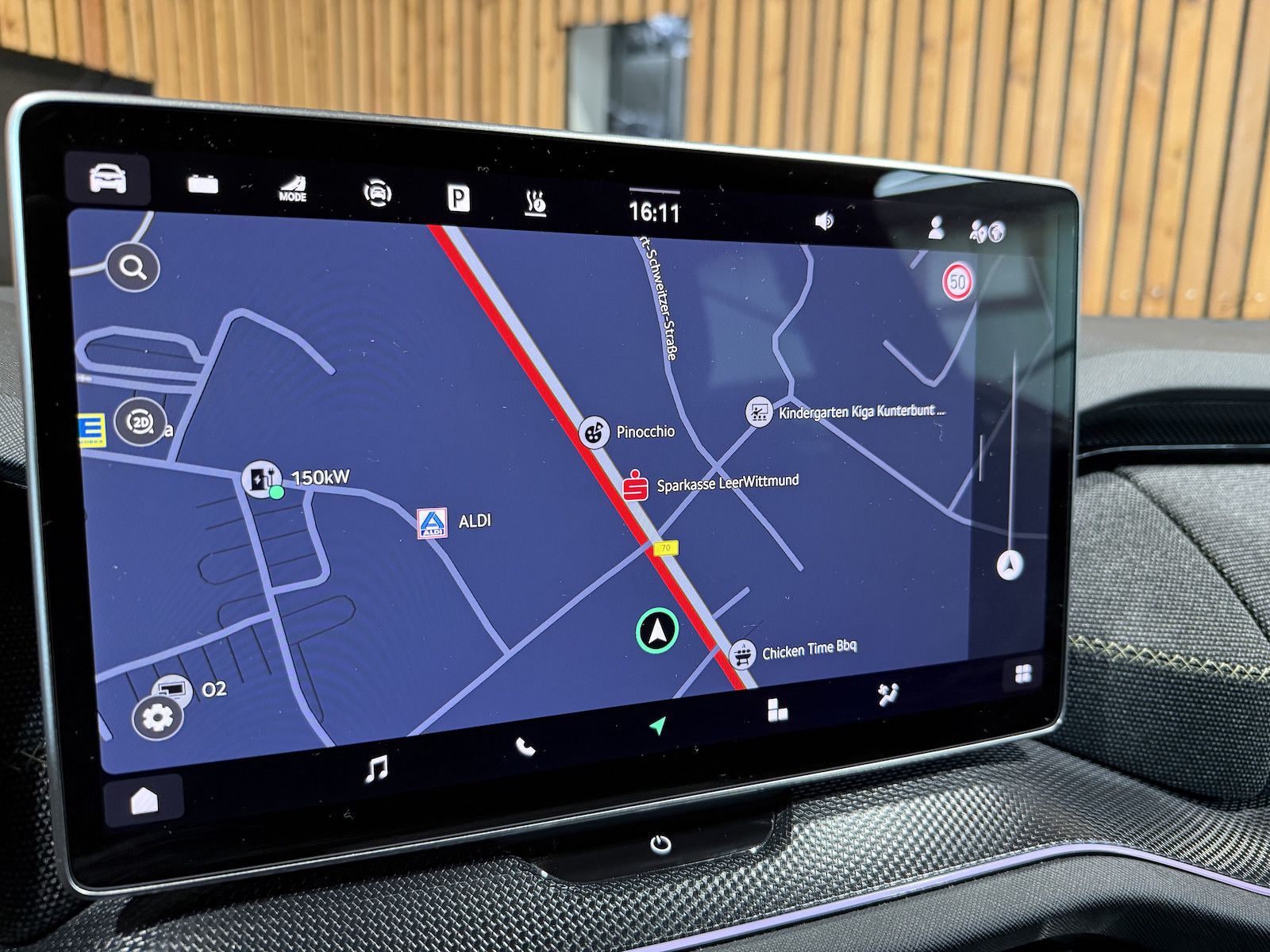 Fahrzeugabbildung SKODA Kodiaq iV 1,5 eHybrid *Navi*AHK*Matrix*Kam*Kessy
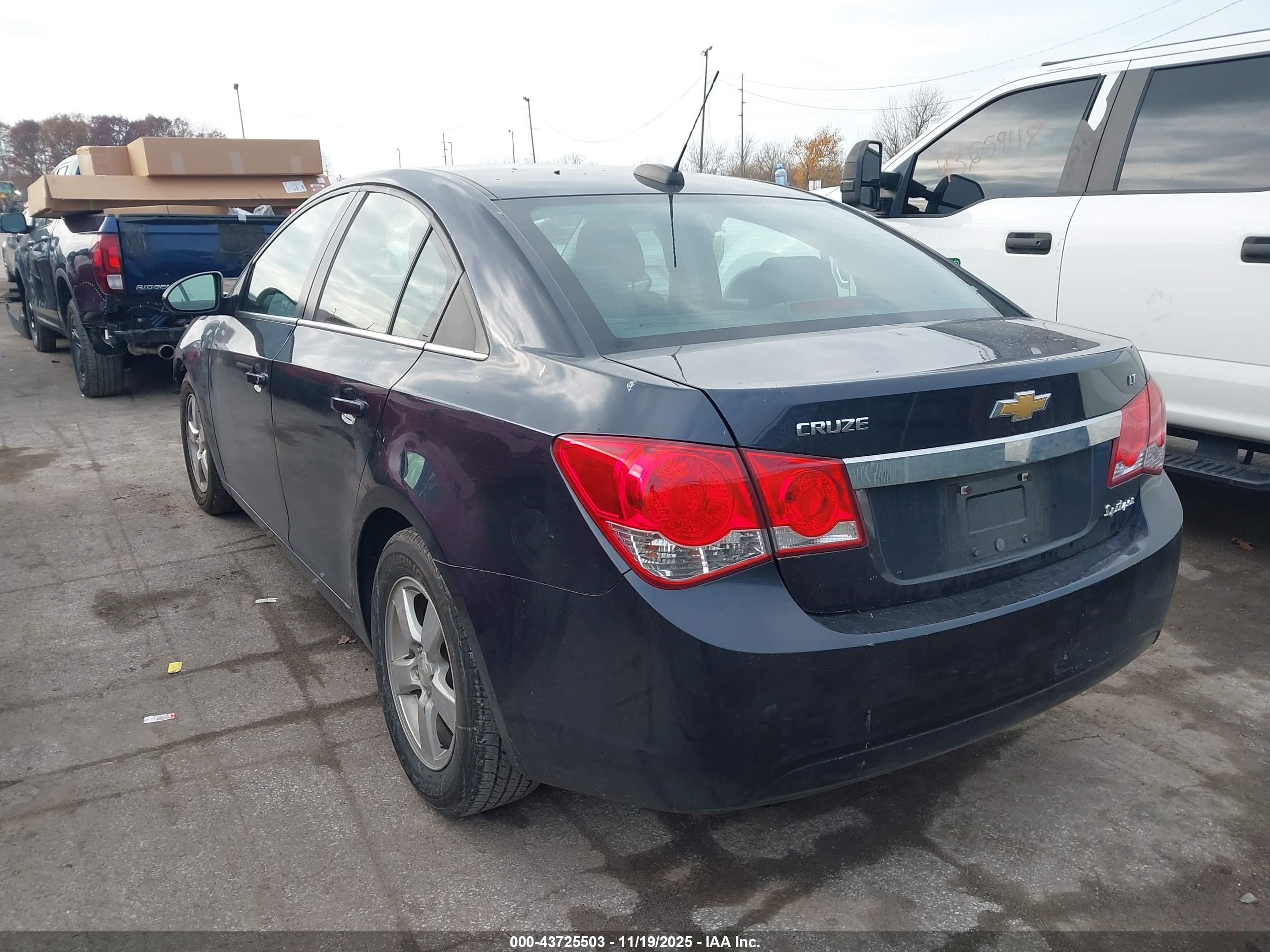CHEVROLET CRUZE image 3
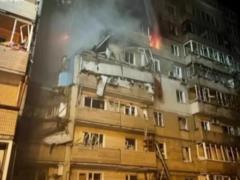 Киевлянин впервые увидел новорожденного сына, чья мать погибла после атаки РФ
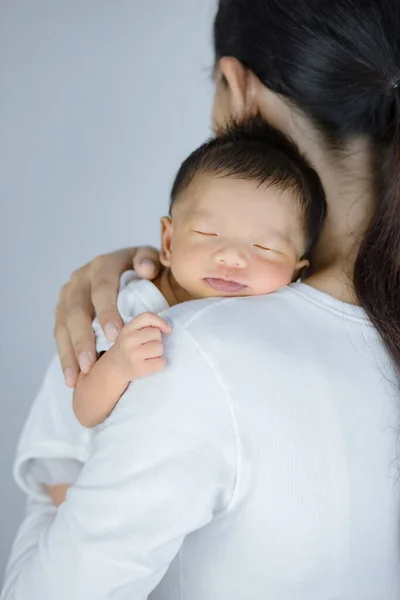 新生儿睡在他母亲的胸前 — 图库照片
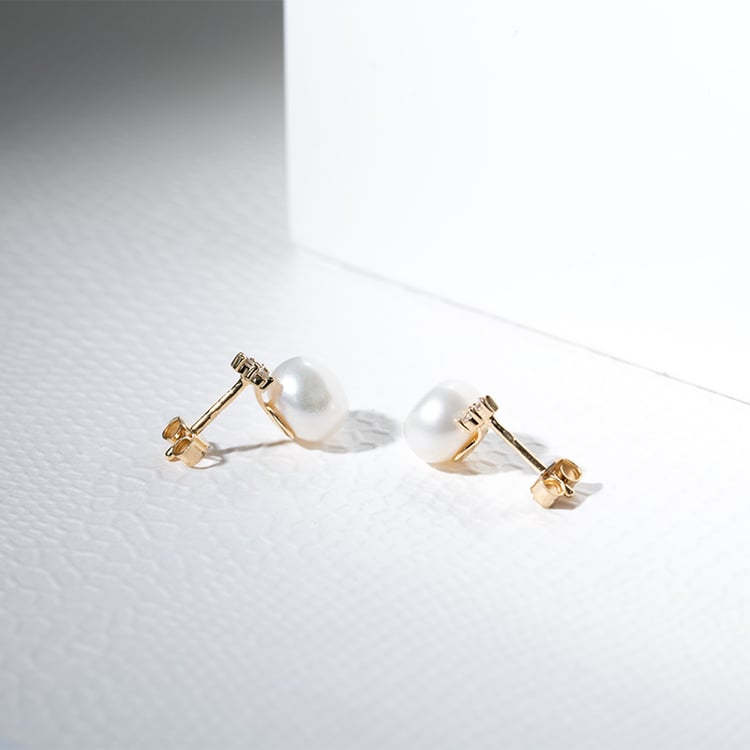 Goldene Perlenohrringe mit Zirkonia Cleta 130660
= = = = = = =
EXERCISE DETAILS >>
Every line of the data above should be repeated exactly. Omit the pictures.

YOUR SOLUTION >>
 Fahrzeugabbildung SKODA Kodiaq iV 1,5 eHybrid *Navi*AHK*Matrix*Kam*Kessy
CHEVROLET CRUZE image 3
 Киевлянин впервые увидел новорожденного сына, чья мать погибла после атаки РФ
 新生儿睡在他母亲的胸前 — 图库照片
 Goldene Perlenohrringe mit Zirkonia Cleta 130660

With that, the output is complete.